■ Records supplied:
[Start of section]

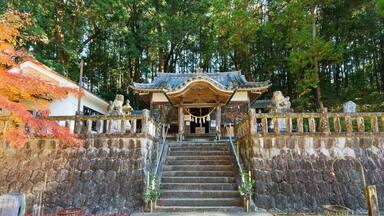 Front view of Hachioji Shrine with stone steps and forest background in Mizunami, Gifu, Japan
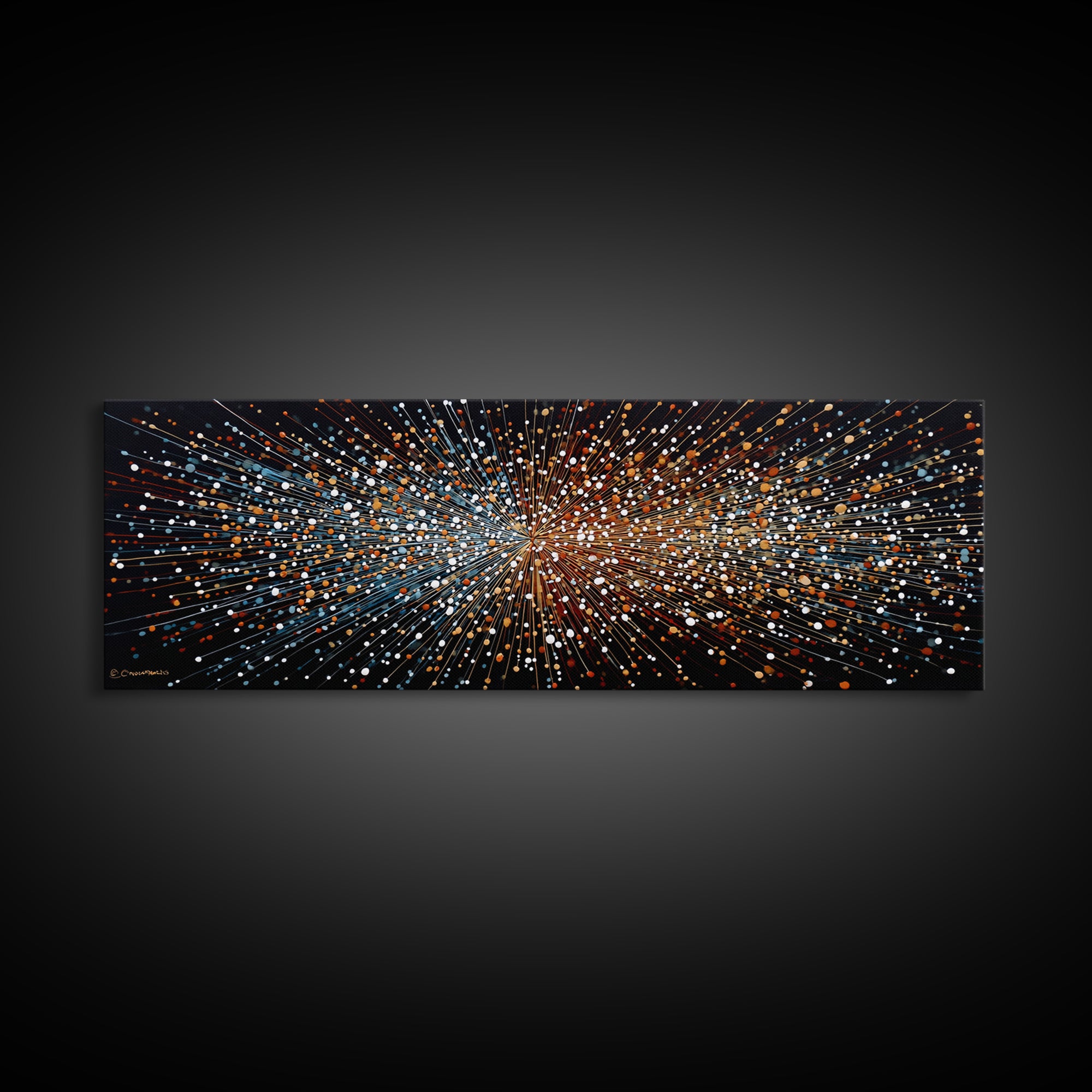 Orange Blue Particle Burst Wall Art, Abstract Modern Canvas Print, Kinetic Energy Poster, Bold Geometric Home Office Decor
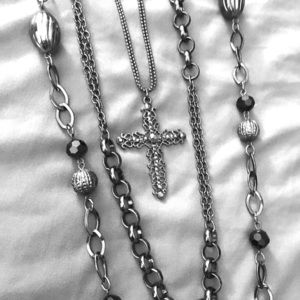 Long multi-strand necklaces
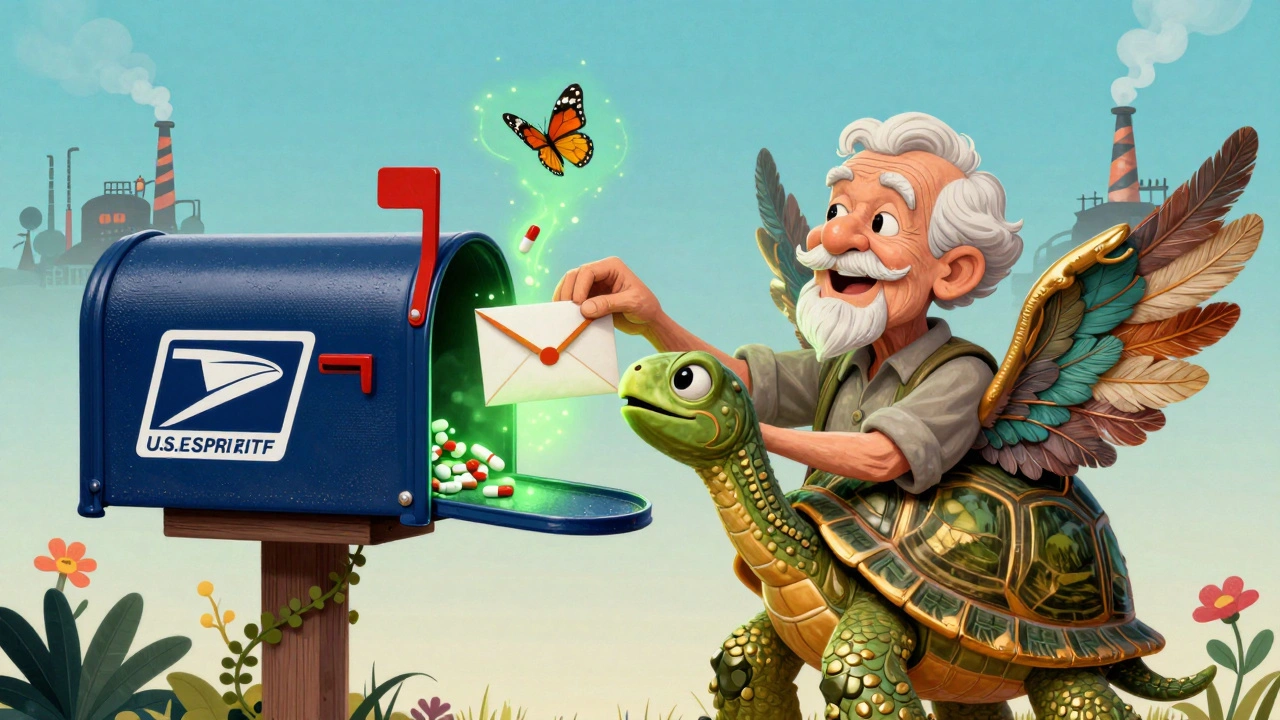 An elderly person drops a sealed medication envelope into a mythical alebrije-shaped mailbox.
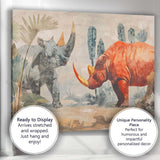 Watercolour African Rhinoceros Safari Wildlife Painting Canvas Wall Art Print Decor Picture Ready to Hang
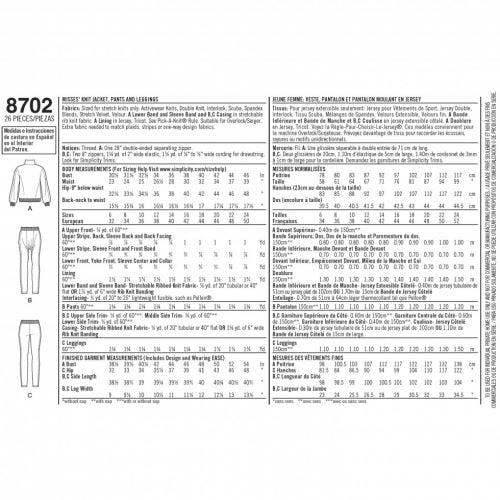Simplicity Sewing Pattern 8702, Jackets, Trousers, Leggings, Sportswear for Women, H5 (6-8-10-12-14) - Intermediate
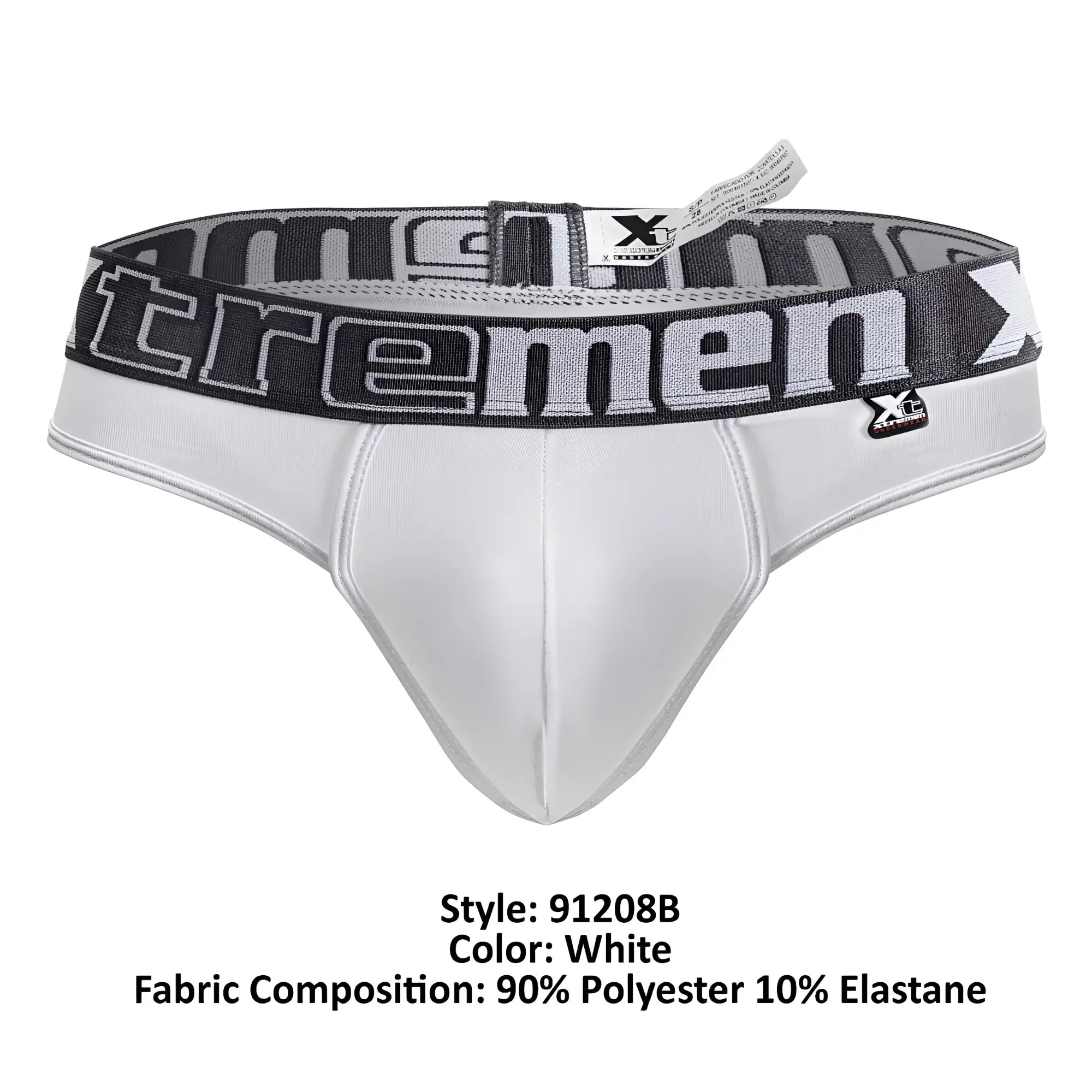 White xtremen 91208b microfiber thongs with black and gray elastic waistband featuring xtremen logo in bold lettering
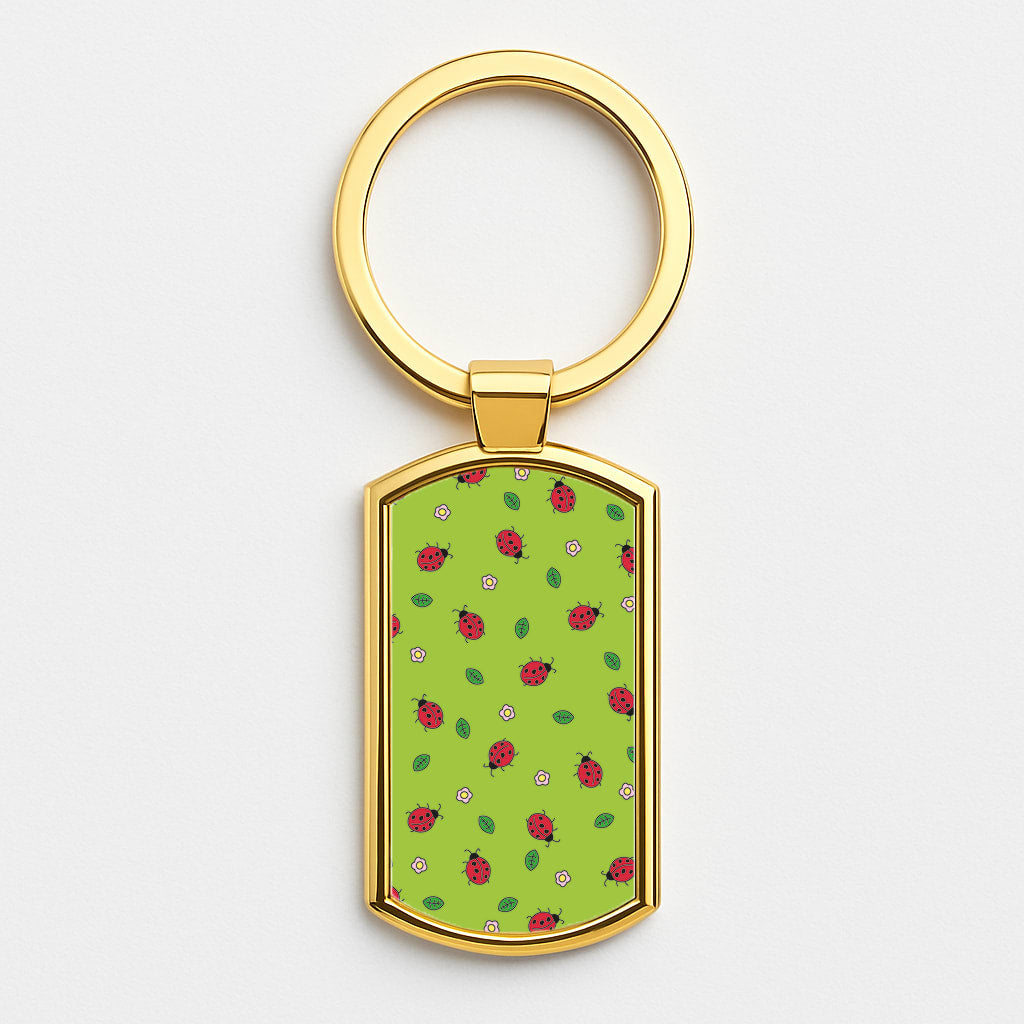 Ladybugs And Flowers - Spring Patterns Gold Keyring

[End of section]

Write out the material above exactly. Skip the pictures.

■ Written response:
 Front view of Hachioji Shrine with stone steps and forest background in Mizunami, Gifu, Japan
 Orange Blue Particle Burst Wall Art, Abstract Modern Canvas Print, Kinetic Energy Poster, Bold Geometric Home Office Decor
 Long multi-strand necklaces
 An elderly person drops a sealed medication envelope into a mythical alebrije-shaped mailbox.
 Watercolour African Rhinoceros Safari Wildlife Painting Canvas Wall Art Print Decor Picture Ready to Hang
Simplicity Sewing Pattern 8702, Jackets, Trousers, Leggings, Sportswear for Women, H5 (6-8-10-12-14) - Intermediate
 White xtremen 91208b microfiber thongs with black and gray elastic waistband featuring xtremen logo in bold lettering
 Ladybugs And Flowers - Spring Patterns Gold Keyring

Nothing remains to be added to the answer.